----- Dataset entries -----

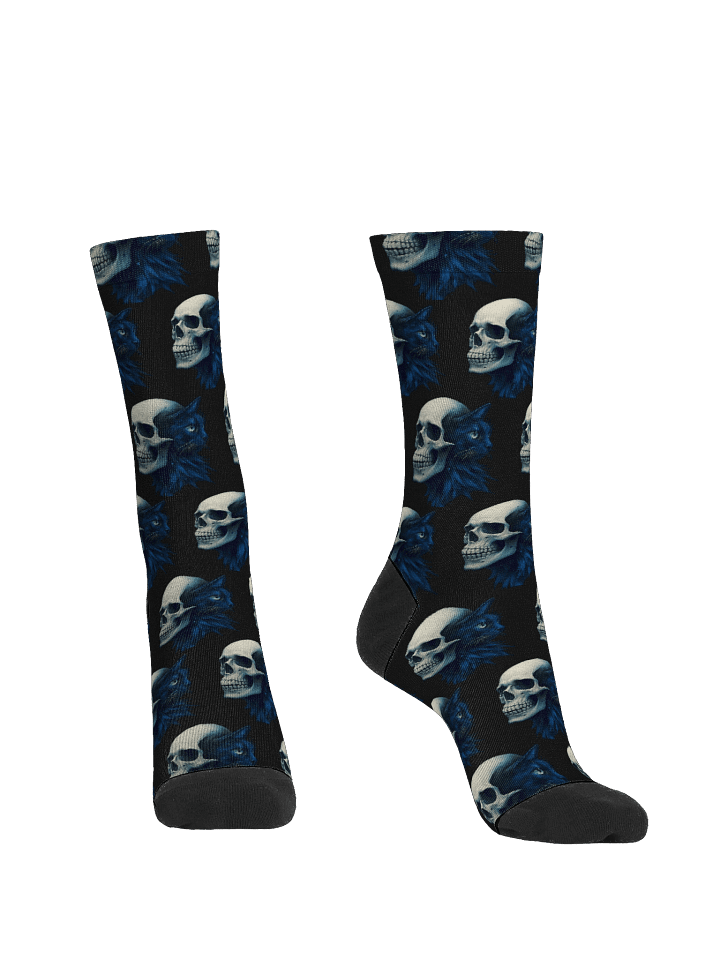 SkullCat Fusion Crew Socks product image (2)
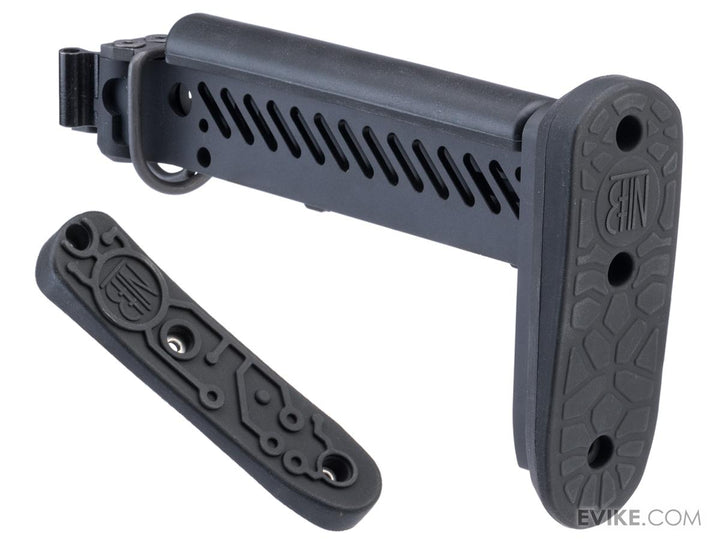 5KU PT-1 Gen2 Folding Buttstock for AK Airsoft AEG Rifles(Model: E&amp;L Version / Black) - 5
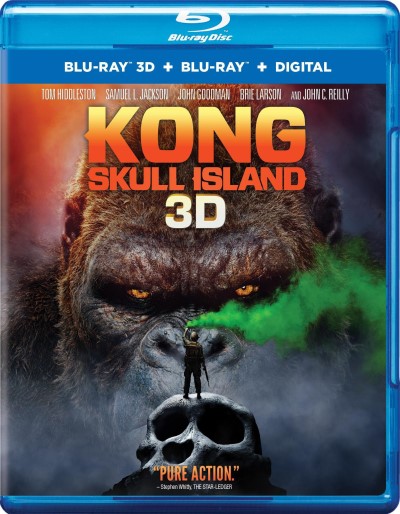 Kong: Skull Island (2017)/Tom Hiddleston, Samuel L. Jackson, and John Goodman@PG-13@Blu-ray 3D/Blu-ray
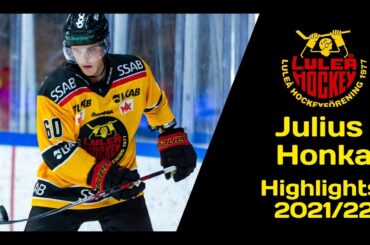 Julius Honka highlights 2021/2022 Luleå Hockey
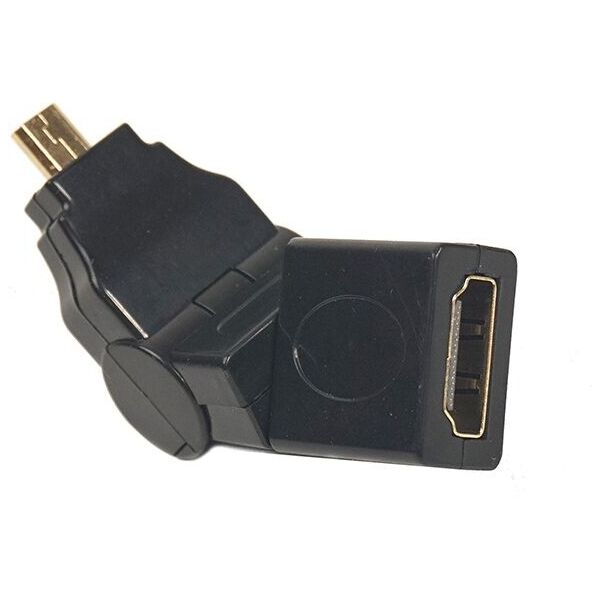 

Кабель PowerPlant HDMI AF - micro HDMI AM, 360 градусов (CA910618)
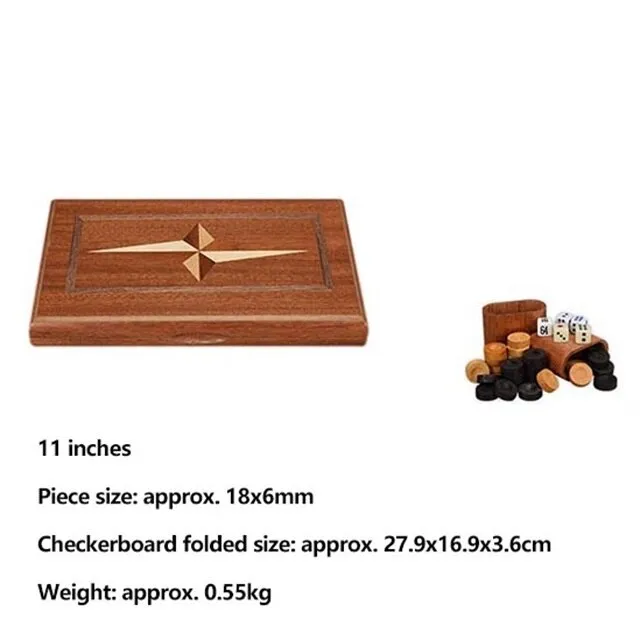 ฝังแบ็คแกมมอน Western Land War ชุดหมากรุกคลาสสิกกลยุทธ์เกมกระดานอะคร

-----

* _Exercise prompt_:
Starting at the line containing "5KU PT-1 Gen2" and stopping at the line containing "Кабель PowerPlant HDMI", output each line exactly as it appears above. Leave out the pictures.

* _Result of the task_:
 5KU PT-1 Gen2 Folding Buttstock for AK Airsoft AEG Rifles(Model: E&amp;L Version / Black) - 5
 Kong: Skull Island (2017)/Tom Hiddleston, Samuel L. Jackson, and John Goodman@PG-13@Blu-ray 3D/Blu-ray
 Julius Honka highlights 2021/2022 Luleå Hockey

Кабель PowerPlant HDMI AF - micro HDMI AM, 360 градусов (CA910618)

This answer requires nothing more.